Controversies galore

Read, ponder, and make up your own mind:

Did Texas execute an innocent man, Ruben Cantu? (Doug Berman)

Conservatives are still griping about the Ninth Circuit, but the new twist is that they think its judges aren’t activist enough. (Eugene Volokh)

Every so often, through luck or pluck, the “fair use” side manages to win one in copyright litigation (Ron Coleman, Likelihood of Confusion).

A group is “pushing for a ballot referendum that would strip South Dakota judges of their immunity from suit for actions taken in their capacity as judges.” Atlanta attorney Jonathan B. Wilson calls it “one of the worst reform ideas ever”.

Michael Newdow, of Pledge of Allegiance suit fame, has filed a new legal action demanding that the motto “In God We Trust” be removed from U.S. currency. Jon Rowe winces.

Our own Ted Frank takes a look at the much-talked of “Dodgeball” document and concludes that it by no means proves Merck’s guilt in the Vioxx matter. (Point of Law). Also at Point of Law, James Copland of the Manhattan Institute and Dr. Bill Sage of Columbia have been engaged in a spirited debate on med-mal litigation.

In a Providence courtroom, the state of Rhode Island is demanding that companies that once manufactured lead paint be held liable for the cost of lead abatement programs. Speechwriter/ghostwriter Jane Genova is liveblogging the case’s retrial, and suggests that the defense side has been making its points more effectively.

A court has ordered the Armour Star meatpacking concern to pay $3 million for using a strength test to screen applicants for a job requiring much lifting. George Lenard’s Employment Blawg originally covered the case last month, Overlawyered picked it up, and now George has returned to the subject, observing that those dissatisfied with the suit’s outcome should realize that sex discrimination law’s distrust of strength tests isn’t something the EEOC just came up with the other day and in fact dates back at least a couple of decades. (I quite concur, having written at length on the subject back in the 1990s.)

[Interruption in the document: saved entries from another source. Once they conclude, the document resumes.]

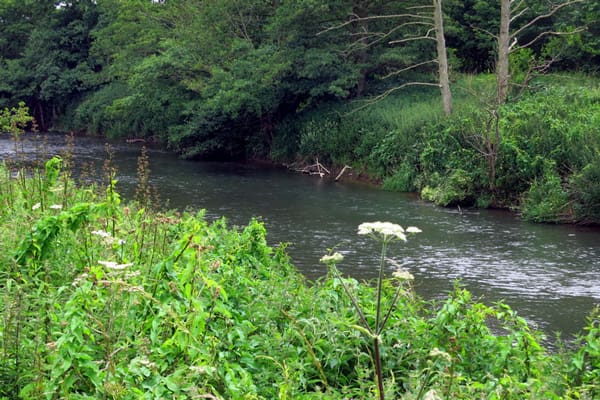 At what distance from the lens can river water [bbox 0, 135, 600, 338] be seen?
33.5ft

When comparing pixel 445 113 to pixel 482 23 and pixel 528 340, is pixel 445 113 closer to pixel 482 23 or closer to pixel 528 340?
pixel 482 23

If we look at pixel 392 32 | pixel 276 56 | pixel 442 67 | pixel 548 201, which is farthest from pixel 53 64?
pixel 548 201

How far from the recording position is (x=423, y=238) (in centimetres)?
1401

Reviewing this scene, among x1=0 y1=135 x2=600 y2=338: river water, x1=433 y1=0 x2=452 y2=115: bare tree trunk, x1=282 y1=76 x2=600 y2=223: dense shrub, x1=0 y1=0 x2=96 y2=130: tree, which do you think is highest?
x1=0 y1=0 x2=96 y2=130: tree

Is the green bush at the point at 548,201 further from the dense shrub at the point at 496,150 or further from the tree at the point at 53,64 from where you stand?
the tree at the point at 53,64

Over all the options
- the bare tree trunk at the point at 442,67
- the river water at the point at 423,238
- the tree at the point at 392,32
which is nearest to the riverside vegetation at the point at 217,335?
the river water at the point at 423,238

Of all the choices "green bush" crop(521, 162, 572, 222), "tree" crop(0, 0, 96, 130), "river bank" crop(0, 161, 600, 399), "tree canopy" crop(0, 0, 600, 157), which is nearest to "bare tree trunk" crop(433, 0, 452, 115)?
"tree canopy" crop(0, 0, 600, 157)

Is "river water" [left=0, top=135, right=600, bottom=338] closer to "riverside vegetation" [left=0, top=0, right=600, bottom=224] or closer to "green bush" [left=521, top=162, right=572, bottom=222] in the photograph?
"green bush" [left=521, top=162, right=572, bottom=222]

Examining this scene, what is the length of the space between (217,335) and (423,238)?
9.48 meters

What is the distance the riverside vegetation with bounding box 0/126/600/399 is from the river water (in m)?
2.72

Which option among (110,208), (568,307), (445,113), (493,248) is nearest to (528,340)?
(110,208)

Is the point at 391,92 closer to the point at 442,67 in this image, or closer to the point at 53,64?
the point at 442,67

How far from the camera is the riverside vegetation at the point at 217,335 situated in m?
3.99

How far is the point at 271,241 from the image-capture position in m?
13.3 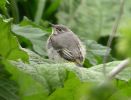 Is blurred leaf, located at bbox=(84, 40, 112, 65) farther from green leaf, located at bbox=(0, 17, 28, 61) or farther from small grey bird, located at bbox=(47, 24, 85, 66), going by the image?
green leaf, located at bbox=(0, 17, 28, 61)

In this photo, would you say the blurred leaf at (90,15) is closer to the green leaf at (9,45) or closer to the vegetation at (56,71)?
the vegetation at (56,71)

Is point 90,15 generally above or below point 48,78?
below

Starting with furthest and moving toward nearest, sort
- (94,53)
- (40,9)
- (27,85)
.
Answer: (40,9)
(94,53)
(27,85)

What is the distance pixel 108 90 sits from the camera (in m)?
0.75

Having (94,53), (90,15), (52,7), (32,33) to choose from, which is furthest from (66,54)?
(90,15)

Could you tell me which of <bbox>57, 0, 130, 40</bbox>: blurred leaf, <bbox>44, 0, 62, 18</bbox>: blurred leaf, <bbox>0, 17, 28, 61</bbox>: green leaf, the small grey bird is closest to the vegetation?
<bbox>0, 17, 28, 61</bbox>: green leaf

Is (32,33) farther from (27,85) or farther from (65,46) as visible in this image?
(65,46)

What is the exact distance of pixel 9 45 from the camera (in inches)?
62.9

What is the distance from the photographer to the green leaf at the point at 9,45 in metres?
1.59

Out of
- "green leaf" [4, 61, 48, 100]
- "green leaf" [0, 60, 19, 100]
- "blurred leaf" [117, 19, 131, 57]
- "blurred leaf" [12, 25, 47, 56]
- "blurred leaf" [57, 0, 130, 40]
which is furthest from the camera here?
"blurred leaf" [57, 0, 130, 40]

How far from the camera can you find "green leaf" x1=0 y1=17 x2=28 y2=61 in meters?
1.59

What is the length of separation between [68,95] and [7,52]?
0.26m

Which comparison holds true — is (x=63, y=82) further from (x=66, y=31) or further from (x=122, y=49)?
(x=66, y=31)

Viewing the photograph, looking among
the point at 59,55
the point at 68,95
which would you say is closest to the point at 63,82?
the point at 68,95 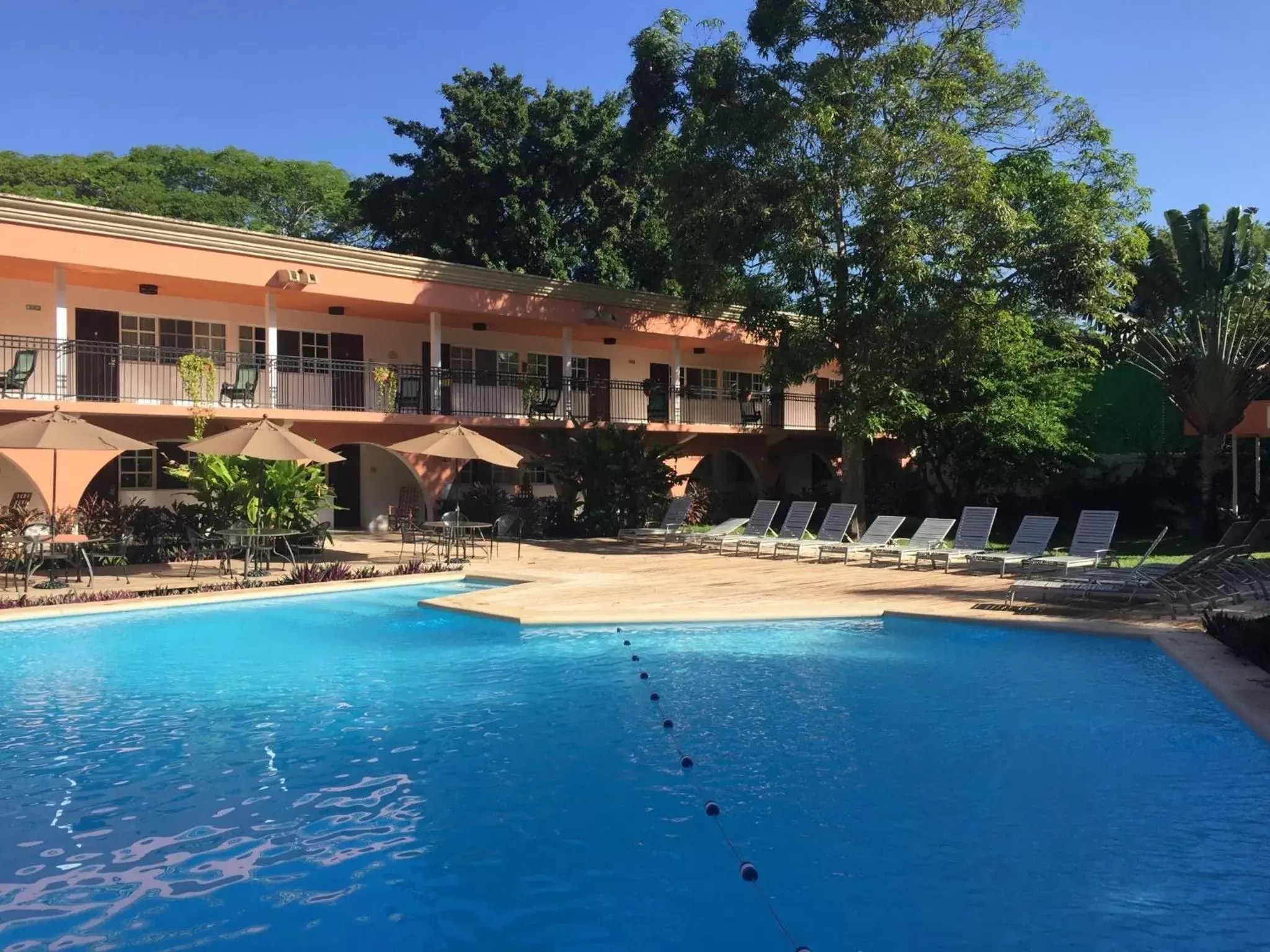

The British government recently published a white paper entitled “The Future of Legal Services: Putting the Consumer First”. Dennis Kennedy at Between Lawyers provides a link.

In other consumer news, State Farm conceded earlier this year that when it disposed of many wrecked-and-repaired vehicles it failed to ensure that they were given appropriate “salvage titles”. E.L. Eversman at AutoMuse has been following the issue.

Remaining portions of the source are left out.